I just wanted to write and express my sincere disappointment with Master’s graduation ceremony this Spring. Not only is it on Mother’s Day…I hope [Institute President G.P.] Bud [Peterson] and Val [Peterson] don’t mind giving up their Sunday and holiday to listen to not only Master’s students being announced one-by-one, but Bachelor’s students as well. I had come to terms with being bored to tears for a few hours while you announced bachelor’s students at high noon on Sunday, but to top it off we now must be subjected to the musings of the CEO of Wal-Mart. I can’t wait to hear all about socially responsible business practices from such an outstanding company. Really? I am amazed at Tech’s inability to enlist someone who could actually inspire the next generation. Oh yeah, and for that talk Tech throws around about being so “special and elite,” Georgia State has former President Jimmy Carter speaking on a Saturday.

Andrea Rattray
Grad. ARCH

Stealing a ‘T’ is not stealing the ‘T’

A few days ago a conversation with some Tech buddies turned to the tradition of stealing the T. We discussed some different signs around campus missing Ts and some stories we knew about them. And then we decided that a number of these stolen Ts just looked bad, so we came up with a two new guidelines for continuing this rich Tech tradition.

First, if you’re going to steal a T, you’ve got to actually steal it. By this I mean, you have to be able to hold it in your hand after the act. So quit scraping Ts off of Stinger signs and campus maps. Those little white filings on the ground no longer constitute a T, and instead of being clever, you have only succeeded in making our campus look bad.

Second, if you’re going to steal a T, you’ve got to steal THE T. As any good Jacket knows, the origins of stealing the T are found at the top of Tech tower. When the Magnificent Seven first stole the T in 1969, they scaled a tower that read “TECH” and descended from one that read “ECH.” They didn’t climb halfway up, look over, and decide to steal the T out of “D. M. Smith” instead.

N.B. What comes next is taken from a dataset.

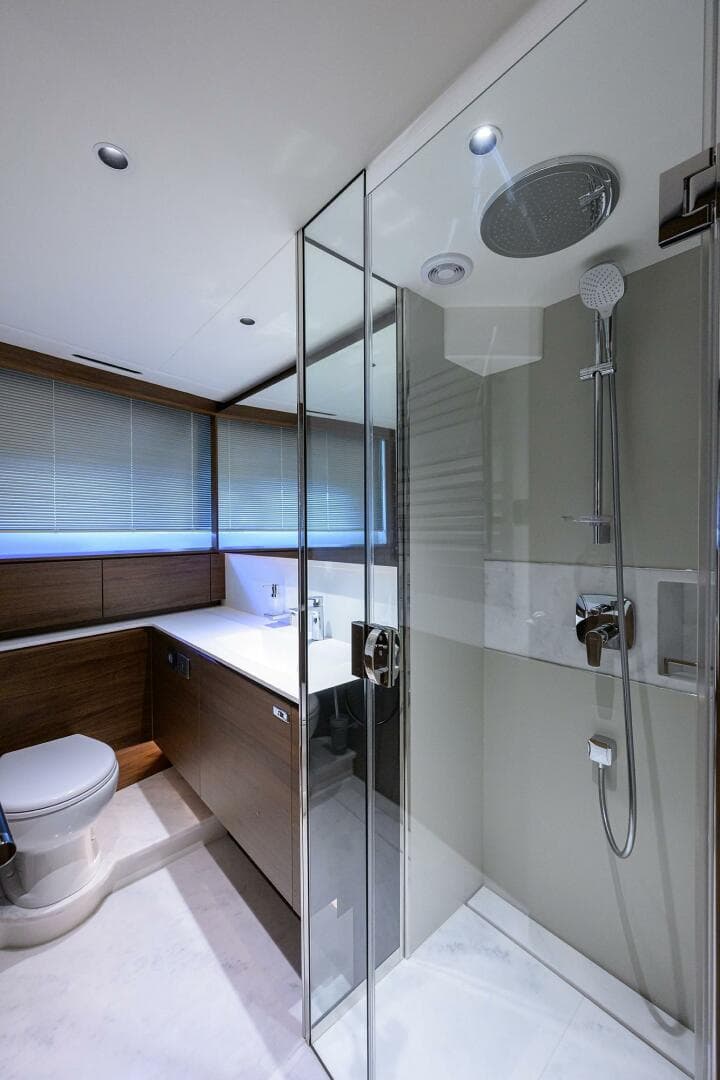 2027 Princess X80 — photo 123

So no more Ts out of “Insititute,” or “Ferst,” or “stinger route,” or any other word that isn’t “Tech.”

I neither promote nor frown upon students trying to steal the T. Short of the ‘Reck itself, I can’t think of a single emblem of Tech I’d like to take with me after I get out more that a nice five foot tall T. And that’s sort of the point; if you’re going to steal the T, there has to be meaning behind it. Whether it’s making memories with some friends, stealing one to take with you later or just stealing one to prove that you can, there has to be significance to the act.

Chris Rodesney
Third-year PHYS


Comments are closed.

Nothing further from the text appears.